Friday, April 13, 2012

How May I Serve You?

A couple of weeks ago my family and I started volunteering at a church, cooking for and serving those in need. My son was really looking forward to helping. There is a short service at 6pm and the meal is served at 6:30pm.

The Wednesday before last we were sitting in the service and I realized a few things had to be done before the food would actually be ready to serve, so I slipped out the end of the pew and headed toward the kitchen. I wasn’t paying attention so I didn’t see my son following me.

We turned on the lights to the steam table, made sure serving spoons were handy, cups and plates were ready etc. As we were working my son, age nine, says “Mom, God told me my job is to serve and that my life will never be the same.”

(Dallas Theological, Jesus Washing Feet)

Being the good mom I said, “Honey, that is awesome. I’m sure God has lots of jobs for you to do.”

All during the meal my son walked around refilling people’s drinks, bringing them bread and just talking with the folks who were eating.

At one point during the meal he walked up to an elderly man and said, “Sir, how may I serve you?”

Apparently this man was hit with the realization that that is what God is calling us all to do. He just wants us to say “God, how can I serve you?” He told his daughter about the young man with the polite manners and how this young man taught him about God’s desire for us.

Two days later, this same elderly man had an aneurysm. A couple of days later, he died.

We were all dumbfounded at how Jeremiah was used in this man’s life, how he was still learning about God and God’s plan for us at the very end of his life.

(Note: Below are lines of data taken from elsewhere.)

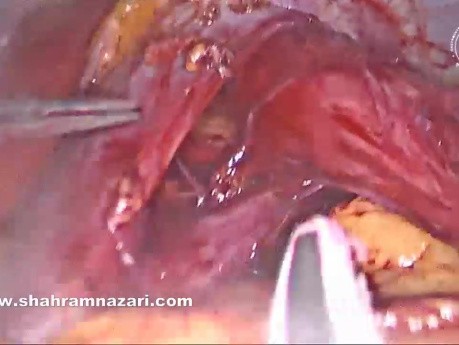 Myotomie de Heller Laparoscopique et Fundoplicature de Dor pour le Traitement de l'Achalasie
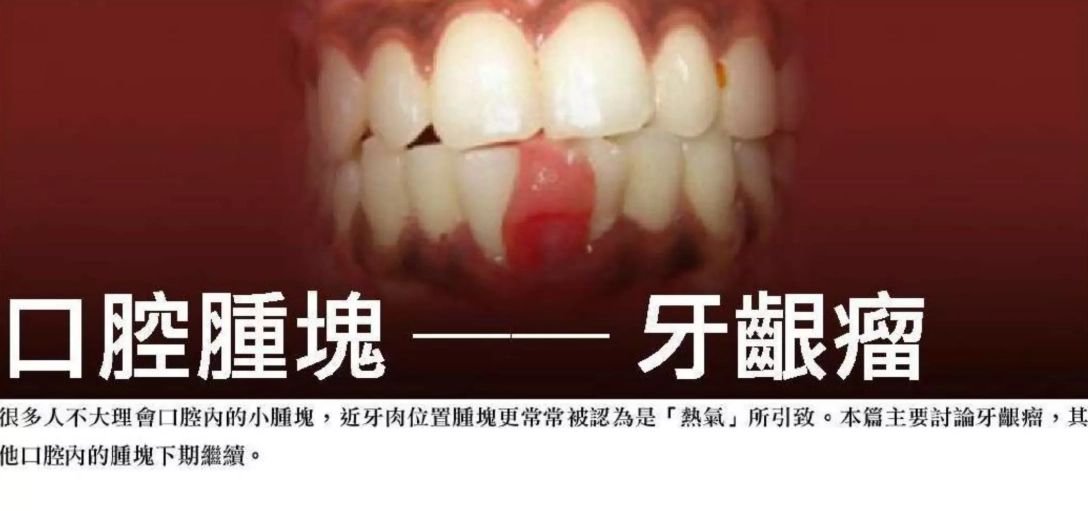 牙齦腫痛怎麼辦
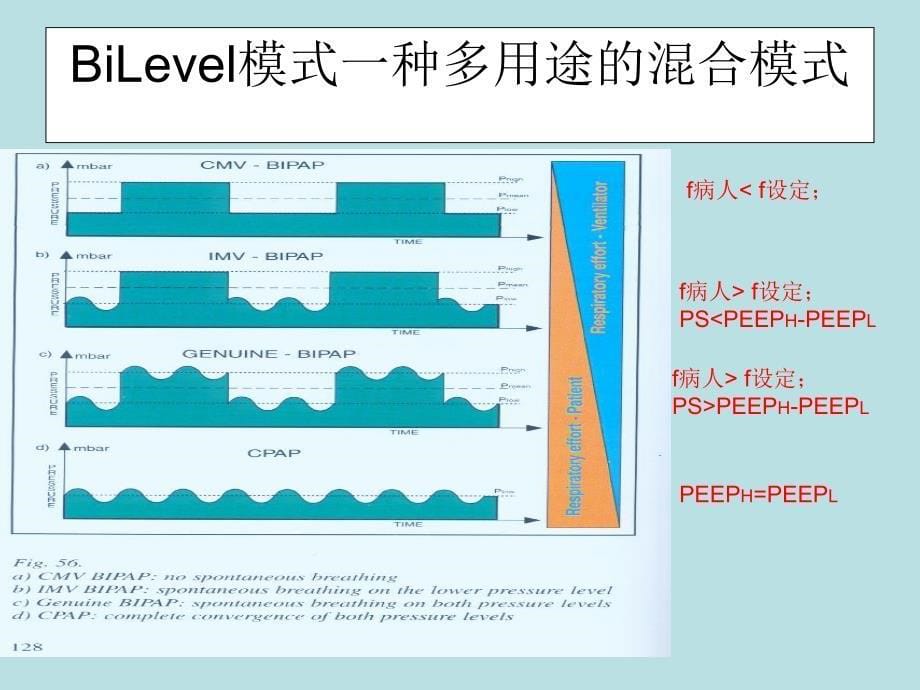 BiLevel双水平通气模式简介ppt课件_第5页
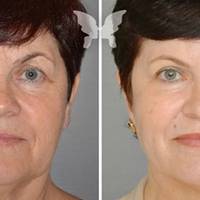 Шкіра в 64, як в 40! Жінка поділилася рецептом молодості …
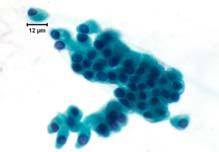 Cytological Criteria of High-Grade Epithelial Atypia in the Cyst Fluid of Pancreatic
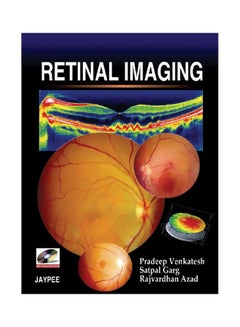 Buy Retinal Imaging Paperback English by Pradeep Venkatesh - 30 Dec 2008 in Egypt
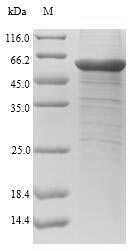 Recombinant Human Chitinase-3-like protein 1(CHI3L1)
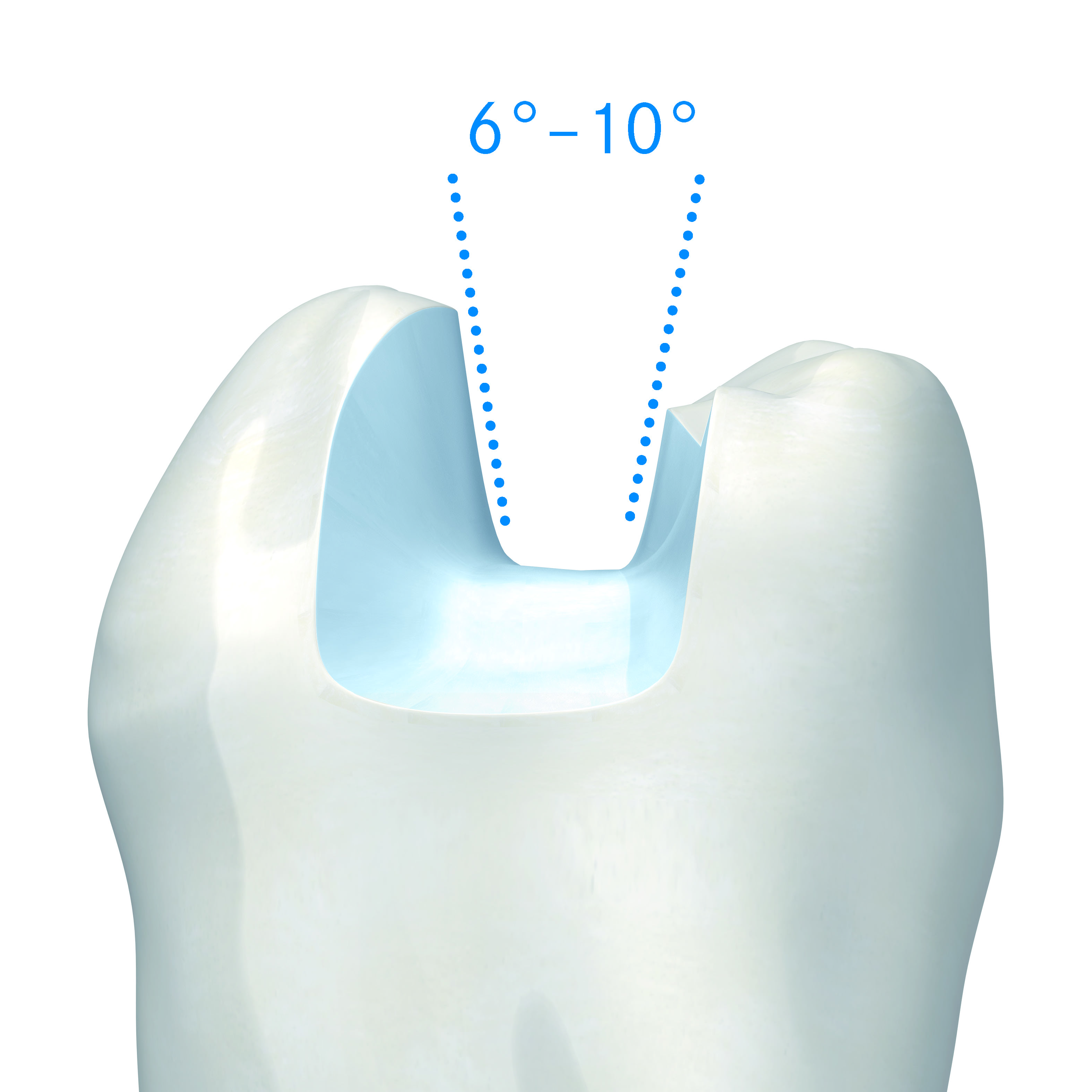 All-ceramic restaurations › Komet Dental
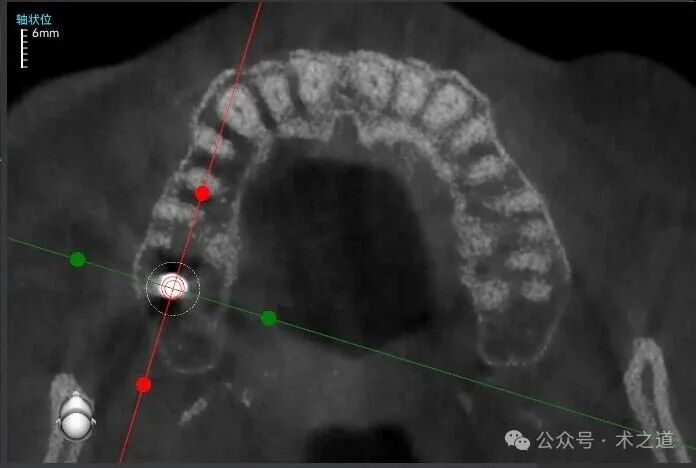 Advantages of the 'ZhiZhi π' Dental Implant Robot-Assisted Implantation Technology in the Maxillary Molar Region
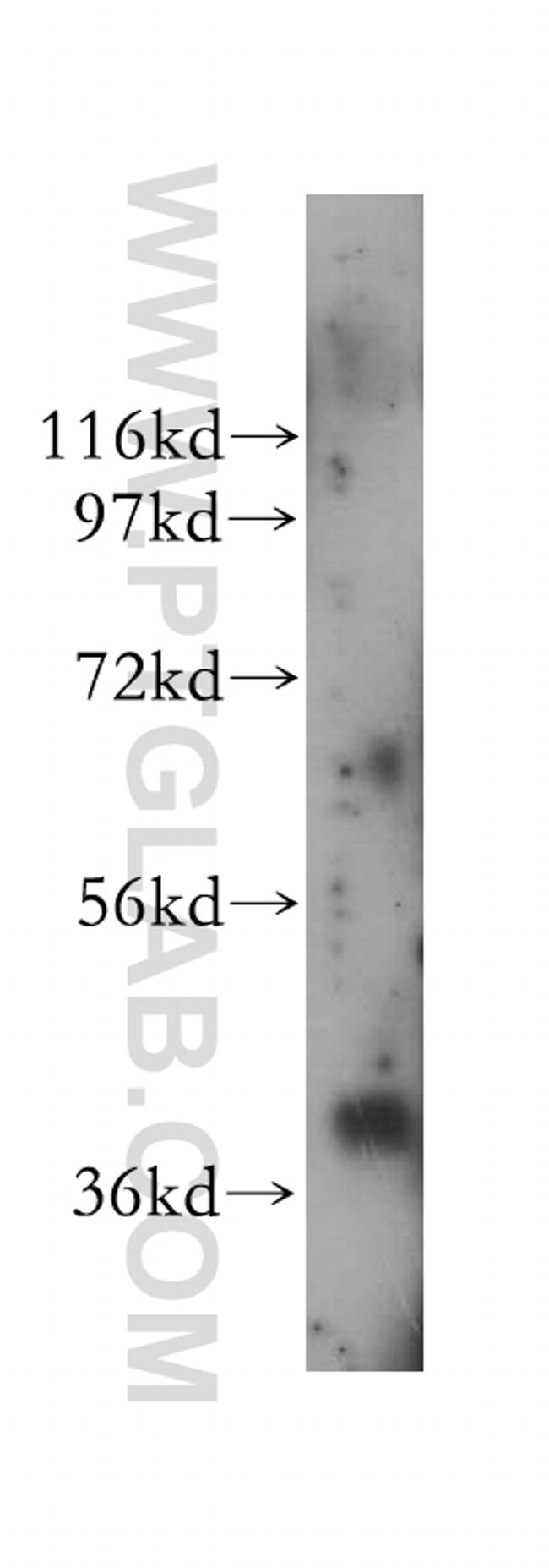 IKIP Antibody in Western Blot (WB)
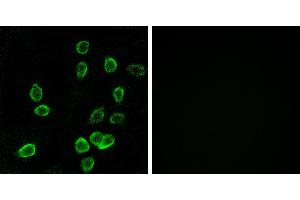 Peptide - +Immunohistochemistry analysis of paraffin-embedded human pancreas tissue using ATP5G3 antibody.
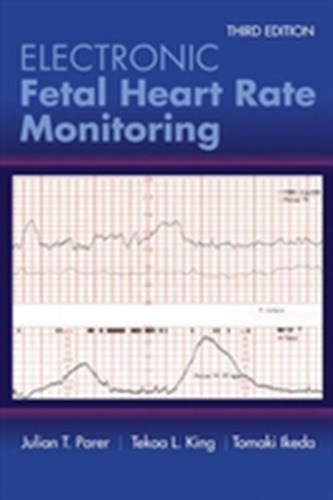 Electronic Fetal Heart Rate Monitoring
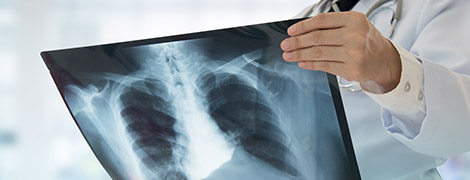 A doctor holding a chest x-ray and reviewing it.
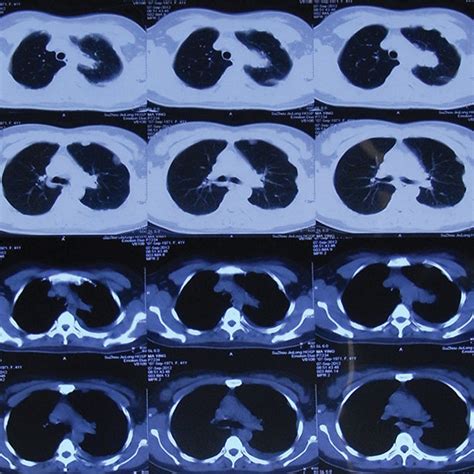 Chest Computed Tomography Scan Before Treatment Download Scientific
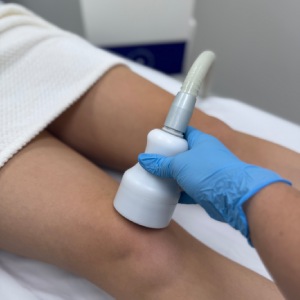 Localized Cryotherapy in Northridge, Los Angeles, CA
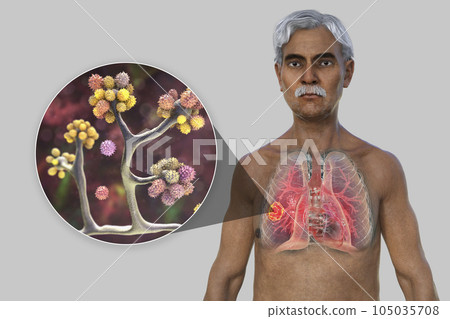 A 3D illustration of the upper half part of a man with transparent skin, revealing a lung mucormycosis lesion, with close-up view of Cunninghamella bertholletiae fungi A 3D illustration of the upper half part of a man with transparent skin, revealing a lung mucormycosis lesion, with close-up view of Cunninghamella bertholletiae fungi 105035708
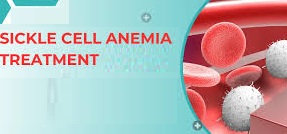 Sickle Cell Treatment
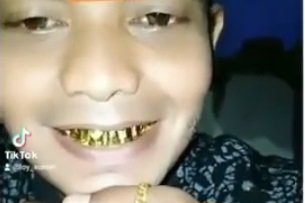 Viral cowok pamer perhiasan hingga gigi emas, gusi sampai bengkak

Two days ago, this past Wednesday, was the man’s funeral. Since I was already cooking for a crowd, the family and friends of this man were invited to the meal at the church.

My son did the same thing he did the week before. He walked around with a breadbasket, serving those who God placed in his life to serve. He made sure he ate earlier, before the meal started, so he would be ready for his job.

Needless to say everyone loved him. At one point a lady called him a cherub, all he needed was a pair of wings. Another lady wanted to take him home with her. They commented on his remarks, the phrases that he commonly speaks. “Why he is the most adorable thang I have evah seen” was spoken in that long slow drawn out dialect quite a few times.

It came to the end of the evening, the time of night when we clean up, do the dishes and make notes about next week’s meal.

My husband was tearing down tables and sitting at one table, looking gloomy was my son. He has a certain puppy dog look that he gets when he is looking particularly sad. He had it.

He is a very sensitive kid. He cried when the Tsunami hit Japan. He cried for all the children who lost their parents. As a matter of fact he wants us to adopt a few. He cries if an animal is hurt. He cries if he thinks someone might get hurt. So, to jump to the conclusion he was finally reacting to this man passing away, was not an unlikely jump.

My husband asked him what was wrong. His reply? “I bet he is having the best day of his life.”

Revelation 21:4 He will wipe every tear from their eyes. There will be no more death or mourning or crying or pain, for the old order of things has passed away."